■ **WORK ORDER**: This calls for a verbatim copy of all the data, with no images carried over.

■ **RAW DATA**:

+++

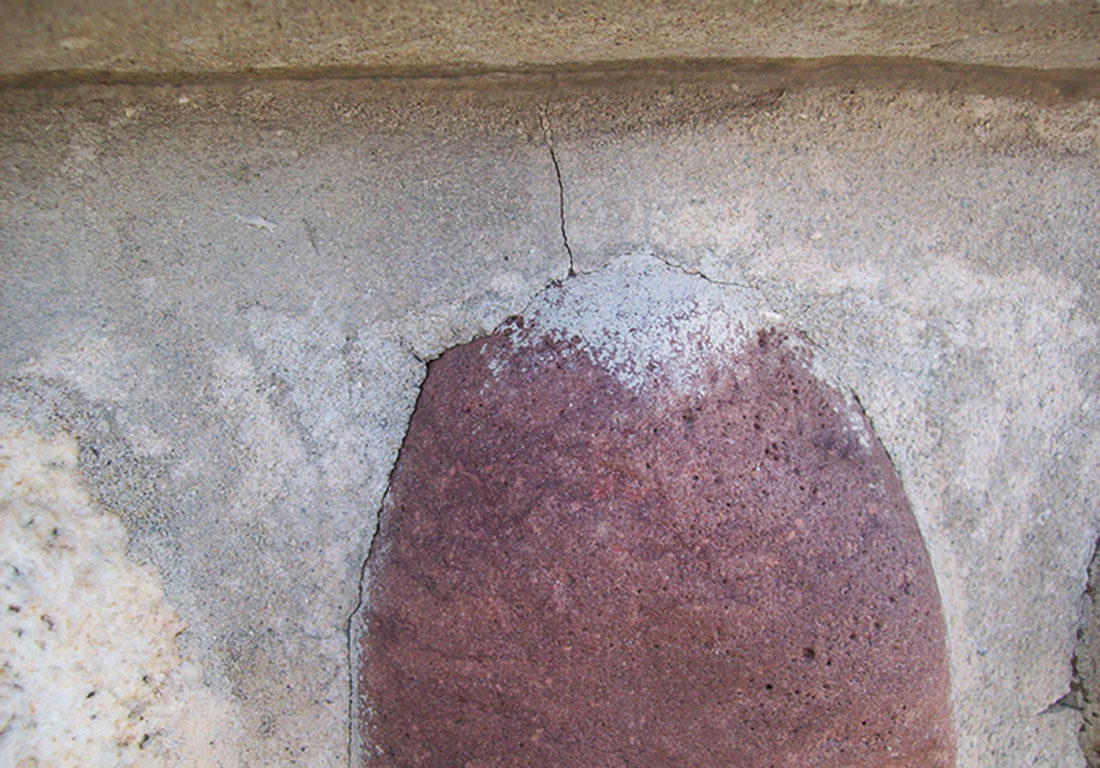 Chimney mortar cracks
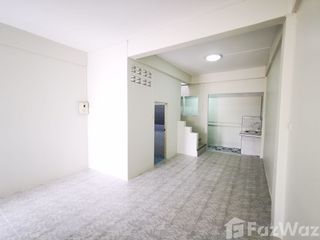 Casa adosada en venta de 2 habitaciones en Mueang Chanthaburi, Chanthaburi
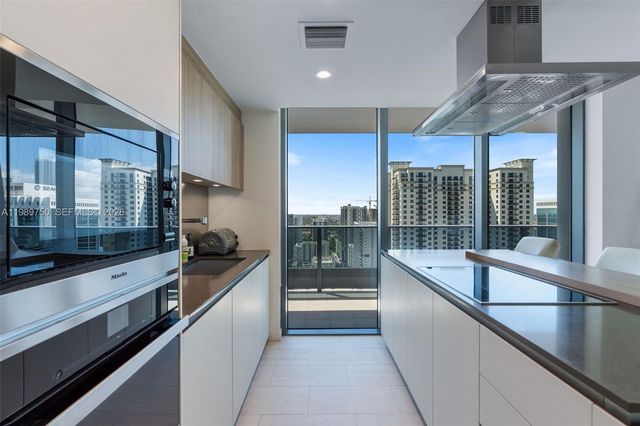 1000 Brickell Plz 2812, Miami, FL 33131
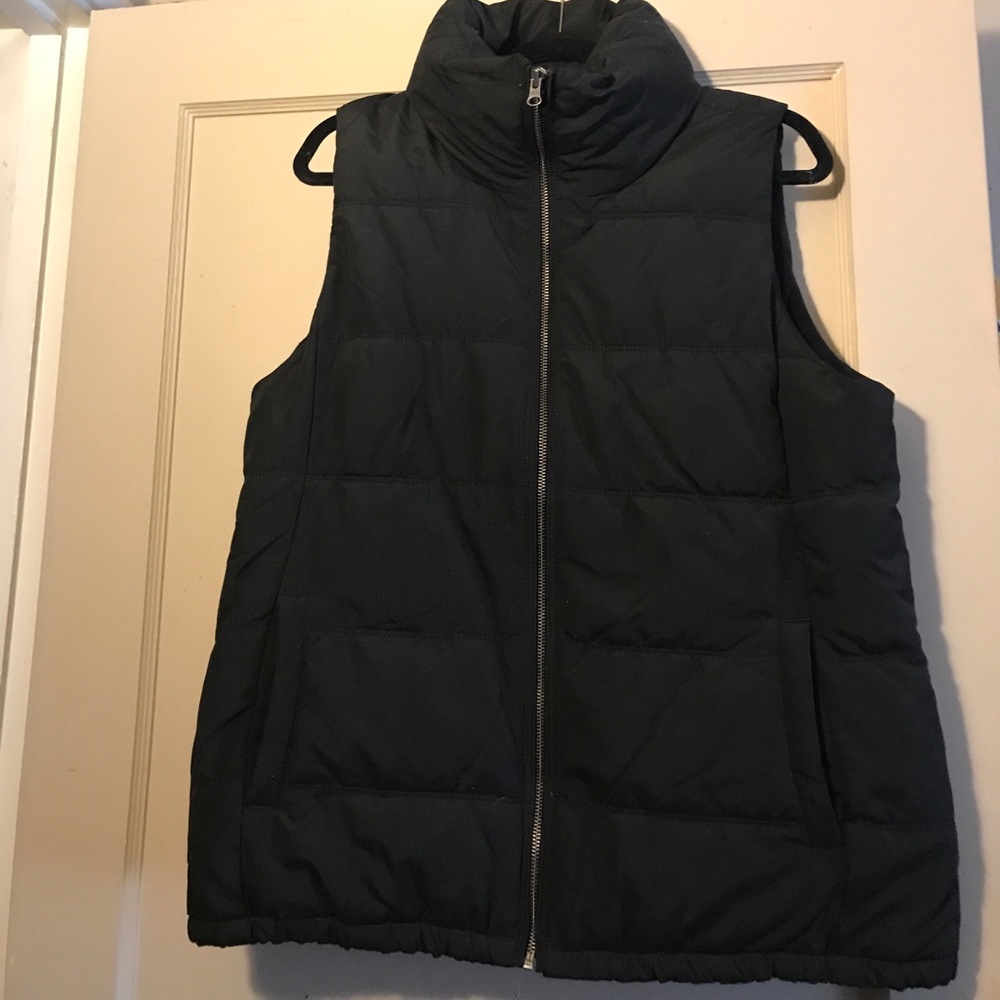 **NWOT**Old Navy puff vest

+++

■ **RESPONSE TO THE TASK**:
 Chimney mortar cracks
 Casa adosada en venta de 2 habitaciones en Mueang Chanthaburi, Chanthaburi
 1000 Brickell Plz 2812, Miami, FL 33131
 **NWOT**Old Navy puff vest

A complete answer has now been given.